The copper sector can expect to come out of the price and supply doldrums over the next 12 to 18 months according to an Australian company which has just raised A$13 million to progress its advanced copper project in Chile. And it would include a continued high profile presence in the electric car sector where more new era commodities such as lithium and cobalt are fancied as being market drivers.
Addressing the opening day today of the sixth Paydirt Latin America Downunder conference in Perth, Hot Chilli Managing Director, Christian Easterday, said it was obvious from recent years that a $3/lb copper price was the benchmark for whether a project was viable or not and an important incentive price for the copper development pipeline..

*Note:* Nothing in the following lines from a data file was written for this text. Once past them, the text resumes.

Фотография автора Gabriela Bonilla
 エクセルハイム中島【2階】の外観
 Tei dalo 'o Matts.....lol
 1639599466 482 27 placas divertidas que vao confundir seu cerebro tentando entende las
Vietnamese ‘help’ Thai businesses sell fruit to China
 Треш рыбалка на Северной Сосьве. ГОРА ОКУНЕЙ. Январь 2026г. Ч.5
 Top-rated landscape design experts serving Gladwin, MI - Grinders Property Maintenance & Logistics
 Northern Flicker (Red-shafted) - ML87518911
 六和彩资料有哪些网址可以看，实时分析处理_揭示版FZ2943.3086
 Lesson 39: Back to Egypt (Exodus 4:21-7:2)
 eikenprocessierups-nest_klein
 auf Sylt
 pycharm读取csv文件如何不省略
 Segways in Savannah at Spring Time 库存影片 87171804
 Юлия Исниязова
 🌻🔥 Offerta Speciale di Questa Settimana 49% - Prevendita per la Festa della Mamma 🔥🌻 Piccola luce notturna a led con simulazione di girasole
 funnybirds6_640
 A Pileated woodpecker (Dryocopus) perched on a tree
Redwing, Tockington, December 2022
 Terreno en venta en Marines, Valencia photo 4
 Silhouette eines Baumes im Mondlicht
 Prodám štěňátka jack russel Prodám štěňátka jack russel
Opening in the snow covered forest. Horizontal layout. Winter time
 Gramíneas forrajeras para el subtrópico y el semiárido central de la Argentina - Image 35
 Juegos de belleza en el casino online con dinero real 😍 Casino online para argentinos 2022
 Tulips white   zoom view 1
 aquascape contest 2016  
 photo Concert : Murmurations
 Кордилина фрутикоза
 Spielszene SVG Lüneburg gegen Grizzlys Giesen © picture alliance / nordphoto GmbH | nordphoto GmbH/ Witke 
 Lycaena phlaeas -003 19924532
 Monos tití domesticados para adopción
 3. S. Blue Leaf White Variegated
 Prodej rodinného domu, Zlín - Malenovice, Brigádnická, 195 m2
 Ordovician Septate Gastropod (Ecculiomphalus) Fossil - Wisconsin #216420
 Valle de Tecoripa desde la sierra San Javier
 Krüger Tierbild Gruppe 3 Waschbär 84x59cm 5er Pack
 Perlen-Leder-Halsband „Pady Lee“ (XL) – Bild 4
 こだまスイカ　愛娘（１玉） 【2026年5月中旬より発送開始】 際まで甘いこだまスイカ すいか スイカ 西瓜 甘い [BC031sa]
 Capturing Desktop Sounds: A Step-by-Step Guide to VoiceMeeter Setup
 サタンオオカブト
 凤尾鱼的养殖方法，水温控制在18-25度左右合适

“Anything below $3/lb has consigned projects to the uneconomic zone and it is little surprise that over this period, the number of Australian copper plays seeking new projects has collapsed from around 40 in our original peer group to just 13 companies currently,” Easterday said.
“But we believe the copper market is rising and moving out of its depressed cycle. One only has to look at the fact that Australia’s majors, BHP and Rio, have assigned substantial budgets this year to copper exploration, pointing to a reversal in attitudes to copper’s future prospects.”
On the much touted market dynamics for an increased global electric car market, Easterday said that sector remained the “icing on the cake” for copper.
“For all the talk and promotion, copper remains the most intensively used element in the electric car market,” Easterday said.
“Against lithium and other promoted metals, copper really stands out well and truly above anything else. When a market faces new technologies, the level of disruption to existing market dynamics is unpredictable – but copper remains king in electric car application.
“As such, we see a very tight copper environment becoming even tighter.”
Hot Chilli has an 80% stake in the Productora copper project JV in Chile, with shareholders voting on June 6 to approve a A$13 million unsecured Convertible Note funding package to pay off a $6.5 million loan liability and provide working capital for a second growth stage based on drilling out Productora to enable a development decision with 18 months.
Drilling is already underway, testing what Easterday describes as “large company making porphyry copper targets” at Productora.
Significantly, the cost and risk of running the drilling programs is all being borne by Blue Spec, a company owned by Hot Chilli’s Chairman, with no liability on Hot Chilli.
Chile is home to 30% of global copper production and hosts some of world’s largest porphyry copper mines
The PFS on Productora pointed to a minimum 10 year mine life, averaging 66,000 t/y of copper metal and 25,000 oz/y of gold in the first eight years.